Итак, курс средней школы должен заканчиваться в семнадцать лет — желательно и в восемнадцать — допустимо, соответственно пятилетнему курсу медицинских факультетов и еще возможному лишнему году — болезни, отсталости, увлечения — пребывания в университете (‘оставление на 2-й год в том же семестре’). Если поступление в гимназию определить в девять лет, то до семнадцати возможно включение восьмиклассной программы, не без возможности где-либо остаться на повторный курс. Сейчас же мы должны заметить, что в теперешнем плане гимназий, где все от вершины до низу фальшиво, фальшиво неверен и официальный срок курса. Он определен как ‘восьмилетний’, и вывеска ‘восьмилетнего’, написанная в уставе, повторяется на все четыре горизонта, выкрикивается на север, юг, восток и запад, хотя никакой правды в этом не содержится. Для кого он восьмилетний? Из сорока учеников — для одного, а если хотите — даже ни для одного. Было много лет назад, я вошел 17 или 18 августа на первый (годовой) урок в восьмой класс. Отмечаю в журнал ‘небывших’ и слышу голос: ‘В.В., у нас только один Холин, не оставаясь ни в одном классе, идет из первого’. Т.е. мы все, все сидящие на скамейках восьмого класса и предположительно учащиеся восьмой год, учимся — девятый, десятый, одиннадцатый год. — Я удивился: ‘А сколько вас было в первом классе?’ — ‘В его двух отделениях — сорок учеников’. Как сейчас помню, этот единственный Холин остался в восьмом классе на второй год, и, следовательно, полный комплект учеников первого класса, принятый десять лет назад в гимназию, окончил ее без какого-либо исключения в девять, десять и одиннадцать лет. Скажут: ‘Ленятся, можно пройти в восемь лет’. Но ведь этот ответ значит только, что программа разделена, разрезана на восемь кусков, на восемь полос, и по этой нумерационной разделенности, совершенно искусственной, названа ‘восьмилетним курсом’? Я возьму административные ножницы и разрежу ту же программу на четырнадцать полос: чем вы меня уверите, что этот самый курс — не четырнадцатилетний, лишь при величайшем напряжении усвояемый 20% учеников в десять лет, а неусвояемый вовсе для восьмидесяти процентов? Нет, курс бесспорно и фактически десятилетний, а теоретически это может быть и четырнадцатилетний или восьмилетний, совершенно неизвестно — какой.

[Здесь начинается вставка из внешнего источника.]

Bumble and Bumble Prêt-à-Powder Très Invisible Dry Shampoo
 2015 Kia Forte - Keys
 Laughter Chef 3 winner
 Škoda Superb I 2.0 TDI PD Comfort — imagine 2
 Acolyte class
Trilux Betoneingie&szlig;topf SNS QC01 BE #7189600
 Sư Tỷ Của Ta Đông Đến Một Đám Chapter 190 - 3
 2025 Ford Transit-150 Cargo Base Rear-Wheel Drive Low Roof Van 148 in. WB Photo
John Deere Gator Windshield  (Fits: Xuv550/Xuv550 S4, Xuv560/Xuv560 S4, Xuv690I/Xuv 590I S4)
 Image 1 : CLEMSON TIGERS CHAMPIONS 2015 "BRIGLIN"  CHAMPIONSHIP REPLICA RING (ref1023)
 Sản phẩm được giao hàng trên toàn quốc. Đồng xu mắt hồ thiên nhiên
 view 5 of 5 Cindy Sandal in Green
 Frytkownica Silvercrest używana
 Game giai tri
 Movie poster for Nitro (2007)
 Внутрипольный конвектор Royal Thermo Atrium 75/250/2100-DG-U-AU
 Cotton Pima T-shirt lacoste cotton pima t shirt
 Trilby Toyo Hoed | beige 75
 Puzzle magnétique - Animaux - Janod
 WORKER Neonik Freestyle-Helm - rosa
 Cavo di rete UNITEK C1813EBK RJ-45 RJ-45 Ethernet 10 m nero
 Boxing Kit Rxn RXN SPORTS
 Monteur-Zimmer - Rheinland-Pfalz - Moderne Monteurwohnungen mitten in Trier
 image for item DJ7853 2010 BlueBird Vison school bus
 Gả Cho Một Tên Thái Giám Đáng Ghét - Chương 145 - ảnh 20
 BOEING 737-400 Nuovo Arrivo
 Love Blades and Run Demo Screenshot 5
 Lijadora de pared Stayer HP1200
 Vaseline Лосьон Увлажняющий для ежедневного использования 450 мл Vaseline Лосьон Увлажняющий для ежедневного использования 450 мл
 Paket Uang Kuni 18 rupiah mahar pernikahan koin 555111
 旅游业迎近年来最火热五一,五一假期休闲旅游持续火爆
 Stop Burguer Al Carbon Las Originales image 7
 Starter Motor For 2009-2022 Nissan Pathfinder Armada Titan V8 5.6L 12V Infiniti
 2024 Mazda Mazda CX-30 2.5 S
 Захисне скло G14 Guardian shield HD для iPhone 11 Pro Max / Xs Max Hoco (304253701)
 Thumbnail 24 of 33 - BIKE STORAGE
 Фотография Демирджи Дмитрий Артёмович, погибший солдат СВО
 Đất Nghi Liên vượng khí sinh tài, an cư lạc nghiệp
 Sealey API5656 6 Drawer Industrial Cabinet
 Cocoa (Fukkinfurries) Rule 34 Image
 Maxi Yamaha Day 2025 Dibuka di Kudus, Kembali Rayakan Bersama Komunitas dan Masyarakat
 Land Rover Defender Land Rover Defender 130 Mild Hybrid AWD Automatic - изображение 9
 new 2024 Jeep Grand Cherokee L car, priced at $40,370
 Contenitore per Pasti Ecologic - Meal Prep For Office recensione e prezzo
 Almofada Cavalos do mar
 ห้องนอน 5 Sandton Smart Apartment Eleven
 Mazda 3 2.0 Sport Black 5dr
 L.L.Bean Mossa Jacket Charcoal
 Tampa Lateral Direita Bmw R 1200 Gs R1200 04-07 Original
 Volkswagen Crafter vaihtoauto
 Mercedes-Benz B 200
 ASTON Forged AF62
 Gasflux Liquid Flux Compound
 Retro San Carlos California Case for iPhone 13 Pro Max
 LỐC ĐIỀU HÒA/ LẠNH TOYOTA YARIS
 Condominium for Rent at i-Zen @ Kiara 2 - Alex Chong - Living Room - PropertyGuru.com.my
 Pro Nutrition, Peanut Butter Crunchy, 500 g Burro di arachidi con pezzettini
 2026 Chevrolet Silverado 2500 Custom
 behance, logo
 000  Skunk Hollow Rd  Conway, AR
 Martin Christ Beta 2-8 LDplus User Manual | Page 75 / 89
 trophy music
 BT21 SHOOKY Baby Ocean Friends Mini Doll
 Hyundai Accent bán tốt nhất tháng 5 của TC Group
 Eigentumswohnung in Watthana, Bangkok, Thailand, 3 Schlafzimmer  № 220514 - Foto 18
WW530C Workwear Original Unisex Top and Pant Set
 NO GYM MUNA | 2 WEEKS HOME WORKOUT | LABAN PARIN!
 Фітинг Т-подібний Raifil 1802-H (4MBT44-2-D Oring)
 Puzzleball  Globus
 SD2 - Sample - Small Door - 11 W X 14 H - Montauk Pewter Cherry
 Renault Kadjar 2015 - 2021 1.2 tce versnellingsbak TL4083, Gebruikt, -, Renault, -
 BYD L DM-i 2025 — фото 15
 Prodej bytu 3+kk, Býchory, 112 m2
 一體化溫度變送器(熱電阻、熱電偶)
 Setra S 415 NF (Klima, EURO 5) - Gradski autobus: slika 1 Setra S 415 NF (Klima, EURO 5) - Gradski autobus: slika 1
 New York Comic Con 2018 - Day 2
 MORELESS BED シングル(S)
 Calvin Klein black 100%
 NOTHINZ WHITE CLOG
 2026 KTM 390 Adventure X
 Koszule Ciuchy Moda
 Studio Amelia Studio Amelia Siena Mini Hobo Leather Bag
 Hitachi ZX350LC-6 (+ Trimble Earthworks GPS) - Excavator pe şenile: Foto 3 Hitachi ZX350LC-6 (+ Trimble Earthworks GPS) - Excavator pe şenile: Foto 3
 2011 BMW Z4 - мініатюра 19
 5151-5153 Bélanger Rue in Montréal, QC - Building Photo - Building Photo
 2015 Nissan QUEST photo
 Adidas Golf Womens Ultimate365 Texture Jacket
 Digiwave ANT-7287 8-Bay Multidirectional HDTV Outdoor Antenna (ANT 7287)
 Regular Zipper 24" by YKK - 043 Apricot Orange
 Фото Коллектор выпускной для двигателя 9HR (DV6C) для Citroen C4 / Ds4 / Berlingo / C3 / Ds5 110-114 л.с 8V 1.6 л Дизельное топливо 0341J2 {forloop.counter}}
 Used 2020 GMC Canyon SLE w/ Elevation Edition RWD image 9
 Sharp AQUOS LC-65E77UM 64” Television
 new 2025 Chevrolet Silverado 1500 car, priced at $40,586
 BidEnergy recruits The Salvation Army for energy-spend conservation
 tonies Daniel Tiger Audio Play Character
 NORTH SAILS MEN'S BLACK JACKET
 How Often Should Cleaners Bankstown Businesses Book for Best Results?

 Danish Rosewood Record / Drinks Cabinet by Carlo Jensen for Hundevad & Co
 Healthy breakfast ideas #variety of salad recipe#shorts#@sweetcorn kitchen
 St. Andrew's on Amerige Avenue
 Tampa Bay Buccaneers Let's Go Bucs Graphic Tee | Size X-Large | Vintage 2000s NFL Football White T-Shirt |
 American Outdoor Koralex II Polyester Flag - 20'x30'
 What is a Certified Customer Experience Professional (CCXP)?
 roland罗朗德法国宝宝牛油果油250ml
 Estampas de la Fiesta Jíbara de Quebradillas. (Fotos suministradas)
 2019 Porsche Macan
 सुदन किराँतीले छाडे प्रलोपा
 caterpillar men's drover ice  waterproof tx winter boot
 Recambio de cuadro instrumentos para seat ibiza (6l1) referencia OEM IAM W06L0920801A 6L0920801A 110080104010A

Тот простой и абсолютно непререкаемый факт, что без подготовки подведенный к экзаменационному столу не выдержит по всем девяти предметам ‘испытания зрелости’ сам заслуженный доктор римского права, и не выдержит такового ни один из попечителей учебных округов, — эта бросающаяся в глаза аксиома зачеркивает все возражения против огромного совращения программ.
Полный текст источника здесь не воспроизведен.